Pengikut kecil Su Yuying berbicara dengan nada tajam, “Sudah diberi muka masih tidak tahu diri. Qin Nan bicara padamu, kenapa harus sok jual mahal? Jawab saja yang baik!”

Zhao Huanhuan yang ikut bersama mereka merasa tidak senang mendengar ucapan pengikut itu. Walaupun ia juga menyukai Qin Nan, tapi tidak sampai tergila-gila. Mendengar mereka berkata demikian pada Ji Yao, ia pun ingin membela Ji Yao, tapi Ji Yao keburu bicara.

Dengan tegas, Ji Yao berkata pada Yu Tong, “Aku sedang bicara dengan Qin Nan, tidak perlu kau ikut campur.”

Lalu ia menoleh ke Qin Nan, “Jika kau sungguh ingin tahu sesuatu dariku, tolong suruh para penggemarmu diam dulu.”

Qin Nan benar-benar tak menyangka Ji Yao adalah gadis seperti ini. Penampilannya terlihat penurut dan tak menonjol, tapi ketika bicara, sikap dan nadanya berubah, seolah menjadi orang berbeda, bahkan jadi sedikit memikat. Ternyata dia tidak seperti rumor yang beredar. Apa dia sengaja ingin menarik perhatianku? Hmph... trik seperti itu sudah sering ia lihat di drama, ia pun merasa semakin meremehkan Ji Yao.

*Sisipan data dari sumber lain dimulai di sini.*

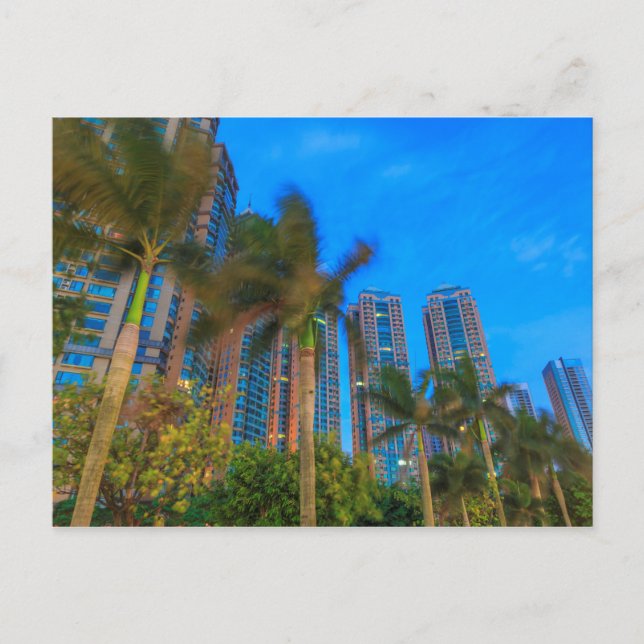 Luxury Condominiums in China Postcard (Front)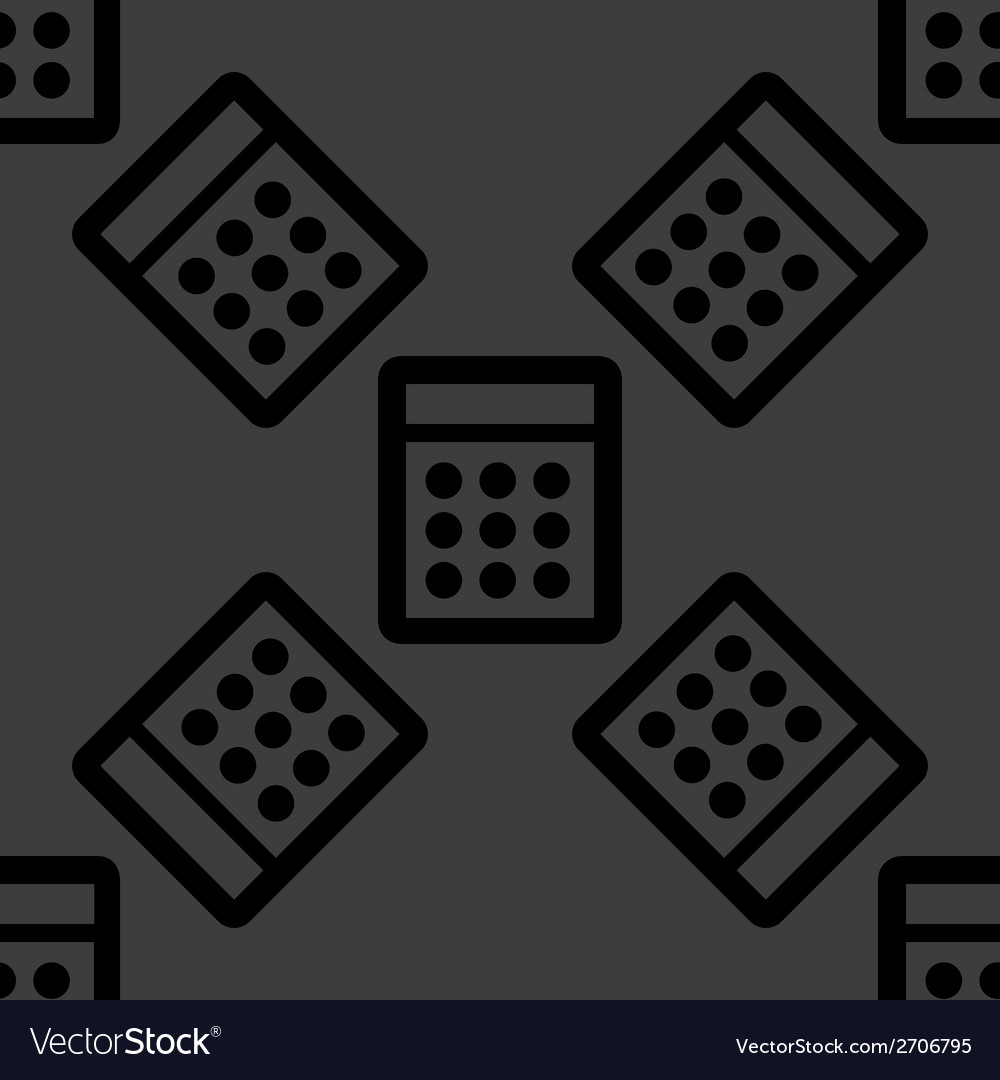 Calculator web icon flat design seamless pattern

Awalnya ia ingin pergi begitu saja, tapi kini ia malah tertarik pada anjing di tangan Ji Yao.

Ia pun menoleh dan berkata dingin pada beberapa gadis di sekitarnya, “Pergi!”

Zhao Huanhuan yang sedari tadi duduk menonton, hampir saja bertepuk tangan mendengar kata-kata Qin Nan.

Su Yuying yang berdiri di dekat situ tampak tak percaya, ingin mengatakan sesuatu pada Qin Nan, namun Qin Nan sama sekali tidak peduli, menatapnya dingin lalu berkata, “Aku tidak ingin mengulanginya lagi.”

“Qin Nan, bagaimana bisa kau seperti ini...” Yu Tong sangat marah, Qin Nan memperlakukan Su Yuying seperti itu.

Qin Nan mengabaikannya, lalu memberi isyarat pada pengawal yang berdiri tidak jauh, dan seorang pengawal berpakaian jas lengkap dengan kacamata hitam segera menggiring para penggemar perempuan yang ribut itu pergi.

Akhirnya suasana menjadi tenang.

“Kamu sekarang bisa jawab pertanyaanku, kan?” nada suara Qin Nan sudah terdengar kesal.

“Itu hewan peliharaanku.” jawab Ji Yao.

“Bukan itu yang kutanya, aku tanya dari mana asalnya.” Wajah Qin Nan tetap dingin.

Aneh sekali, kenapa dia begitu peduli pada Daxian? Ji Yao juga merasa Daxian yang dalam pelukannya tiba-tiba menegang, jelas ada yang tidak beres. Apakah Qin Nan punya hubungan dengan Daxian?